Jesus is on the way to Jerusalem. He will be falsely accused, unjustly tried, cruelly treated, and brutally executed. Luke stresses Jesus’ profound innocence and the sheer injustice of what happens to him. Jesus’ response to the chaos, limitation, and vulnerability of this world is not to deny it or try to control it or defeat it, but rather to smother it with divine love and compassion … even to the point of his own death.
And in response to this One who does not deny or control, who does not want to call down violence or vengeance upon his enemies, who does not need to take matters into his own hands but relies on God to the end – in response to all this, God raises Jesus from the dead, showing us that hate cannot smother hope.
‘Jesus’ cross and resurrection are less about “forgiveness of sin” and more about God’s promise to enter into our chaos and fear, stand with us through all that frightens us, remind us that God will not abandon us, and bring us to life on the other side. The antidote to fear, Jesus shows us, isn’t power or weapons that we this provide security – it’s courage, compassion, and trust.’

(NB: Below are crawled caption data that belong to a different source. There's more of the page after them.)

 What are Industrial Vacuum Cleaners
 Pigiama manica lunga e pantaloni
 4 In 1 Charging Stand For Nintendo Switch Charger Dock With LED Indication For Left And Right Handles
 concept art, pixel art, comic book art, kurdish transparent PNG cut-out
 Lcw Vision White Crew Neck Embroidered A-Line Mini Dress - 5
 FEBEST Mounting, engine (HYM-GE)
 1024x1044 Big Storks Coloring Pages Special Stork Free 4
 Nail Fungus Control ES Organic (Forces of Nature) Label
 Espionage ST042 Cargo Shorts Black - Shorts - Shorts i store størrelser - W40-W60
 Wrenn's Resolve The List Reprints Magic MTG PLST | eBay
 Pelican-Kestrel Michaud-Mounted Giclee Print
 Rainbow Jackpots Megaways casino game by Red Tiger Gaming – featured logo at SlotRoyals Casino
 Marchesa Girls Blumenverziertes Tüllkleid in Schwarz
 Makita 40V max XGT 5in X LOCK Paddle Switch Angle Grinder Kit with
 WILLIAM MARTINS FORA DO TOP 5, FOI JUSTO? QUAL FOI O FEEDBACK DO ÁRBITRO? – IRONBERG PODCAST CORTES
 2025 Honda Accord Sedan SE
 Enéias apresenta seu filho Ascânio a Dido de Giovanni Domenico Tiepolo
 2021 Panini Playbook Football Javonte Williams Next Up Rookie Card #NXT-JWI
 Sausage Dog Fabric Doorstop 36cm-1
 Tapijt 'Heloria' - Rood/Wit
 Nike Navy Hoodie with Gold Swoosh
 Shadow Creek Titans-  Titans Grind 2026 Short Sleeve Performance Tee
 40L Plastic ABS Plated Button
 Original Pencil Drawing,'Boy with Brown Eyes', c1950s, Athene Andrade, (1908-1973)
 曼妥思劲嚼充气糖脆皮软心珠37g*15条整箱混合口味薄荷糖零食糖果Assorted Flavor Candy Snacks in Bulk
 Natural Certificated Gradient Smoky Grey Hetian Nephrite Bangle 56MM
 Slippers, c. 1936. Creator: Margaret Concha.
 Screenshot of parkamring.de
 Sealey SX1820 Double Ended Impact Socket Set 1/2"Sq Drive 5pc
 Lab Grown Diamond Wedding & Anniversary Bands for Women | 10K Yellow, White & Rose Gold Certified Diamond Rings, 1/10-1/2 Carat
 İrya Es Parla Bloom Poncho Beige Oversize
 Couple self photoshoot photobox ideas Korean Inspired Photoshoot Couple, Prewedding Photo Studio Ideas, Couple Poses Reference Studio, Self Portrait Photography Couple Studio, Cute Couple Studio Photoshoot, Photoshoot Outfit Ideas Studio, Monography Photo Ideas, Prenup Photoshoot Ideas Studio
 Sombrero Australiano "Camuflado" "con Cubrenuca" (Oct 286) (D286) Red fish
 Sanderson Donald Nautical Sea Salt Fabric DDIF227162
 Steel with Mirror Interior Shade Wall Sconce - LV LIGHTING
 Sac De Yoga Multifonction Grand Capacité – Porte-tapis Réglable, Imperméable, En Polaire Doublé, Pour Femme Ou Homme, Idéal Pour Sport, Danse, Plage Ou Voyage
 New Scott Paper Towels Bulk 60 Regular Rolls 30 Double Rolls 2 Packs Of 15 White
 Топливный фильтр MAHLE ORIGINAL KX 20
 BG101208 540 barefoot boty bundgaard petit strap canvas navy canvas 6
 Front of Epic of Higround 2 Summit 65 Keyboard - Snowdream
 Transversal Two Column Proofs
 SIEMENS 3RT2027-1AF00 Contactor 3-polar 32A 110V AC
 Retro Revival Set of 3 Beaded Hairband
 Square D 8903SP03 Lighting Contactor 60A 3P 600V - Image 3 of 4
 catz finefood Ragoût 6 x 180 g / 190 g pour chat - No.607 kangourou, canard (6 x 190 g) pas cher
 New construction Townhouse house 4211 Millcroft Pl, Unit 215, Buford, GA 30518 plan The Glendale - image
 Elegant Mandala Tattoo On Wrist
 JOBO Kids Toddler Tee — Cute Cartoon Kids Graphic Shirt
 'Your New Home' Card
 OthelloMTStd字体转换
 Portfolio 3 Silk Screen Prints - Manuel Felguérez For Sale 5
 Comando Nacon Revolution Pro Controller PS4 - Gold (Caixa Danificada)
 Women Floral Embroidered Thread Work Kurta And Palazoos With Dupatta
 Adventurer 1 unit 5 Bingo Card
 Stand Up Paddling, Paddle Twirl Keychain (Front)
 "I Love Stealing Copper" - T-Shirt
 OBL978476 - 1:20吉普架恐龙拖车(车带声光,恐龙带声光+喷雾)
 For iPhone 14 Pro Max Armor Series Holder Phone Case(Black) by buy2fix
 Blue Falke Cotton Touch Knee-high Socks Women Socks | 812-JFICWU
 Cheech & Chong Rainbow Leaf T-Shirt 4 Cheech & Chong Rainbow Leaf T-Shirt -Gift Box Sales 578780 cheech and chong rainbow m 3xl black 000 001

James and John and the rest have failed to hear his message of love, grace, and forgiveness, Jesus stops talking, sets his face to Jerusalem, and will not let anyone or anything slow him down from getting there in order to show in his own body God’s alternative to the way of the world and God’s validation of love over hate, and acceptance over rejection and inclusion over exclusion. Jesus ‘met the world with love.’
When we of all people fail to listen, God holds before us an image of a cross and empty tomb and words that match. ‘Duw cariad yw’ – ‘Car Di.’ ‘God is love – You, love’. Go! Care for the neighbour God has given you the person, the family God has sent you. Love them don’t hate them.
‘For our world to change, for real transformation to happen, for life to be the abundant, beautiful, joyful experience that God created it to be, we must embrace, proclaim and live what is good, what is creative and what is healing. This is a central and persistent call of the Gospel.’
‘My sister would want her murder to mobilise people to get on with things, to try to make a positive difference in whatever way we can, to come together and unite against hate and division and to fight instead for inclusion, love and unity. In Jo’s honour, and on behalf of her grieving family, I urge you please do so.’
In honour of the name of Christ, Christ urges us please do so.
It is what love demands. Meet the world with love.